We also visited Yakima and spent time with surviving family members, in particular Jody Gray and another of the mothers, Kathie FitzPatrick, whose eighteen-year-old daughter Karen was killed. Jody and Kathie had gone to great lengths to gather material about the fire and to make contacts on our behalf with other sources. Though the Forest Service was intensely criticized for the way it handled the fire and its aftermath, officials from Chief Dale Bosworth and Regional Forester Linda Goodman on down to people at the district level proved responsive and helpful in piecing together the story. Serious errors had been made, without doubt. But no one had intended tragedy to strike; no one had sought or condoned a bad ending.

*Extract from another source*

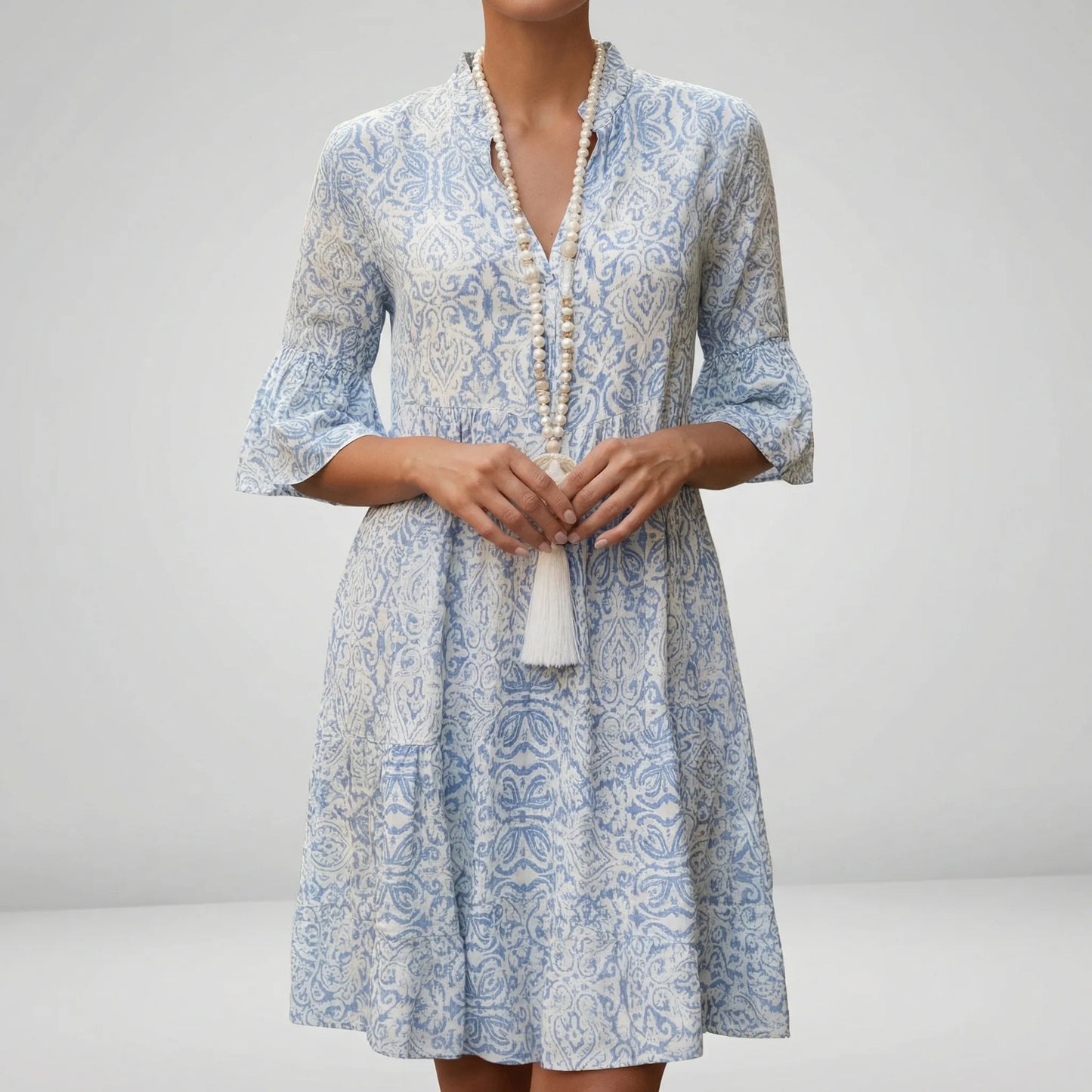 Lightweight Mini Dress With Sleeves - Alessia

After that first swing through Washington, I was hooked on the story. The four victims of the fire each had an exceptional personal story. And every one had a special bond with fire. Joining the fire world had brought meaning and order to their lives, though in vastly different ways. And then fire had taken a perverse twist, never to be fully explained, and claimed the very lives that it had enhanced and made more meaningful.
The Thirtymile Fire left behind three lingering mysteries.
Why hadn't the lessons of Storm King Mountain prevented this tragedy?
Why had an arm of the fire split off at the last moment and turned on the firefighters in such a bizarre - and fatal - fashion?
And was the Forest Service justified in blaming the four firefighters for their own deaths?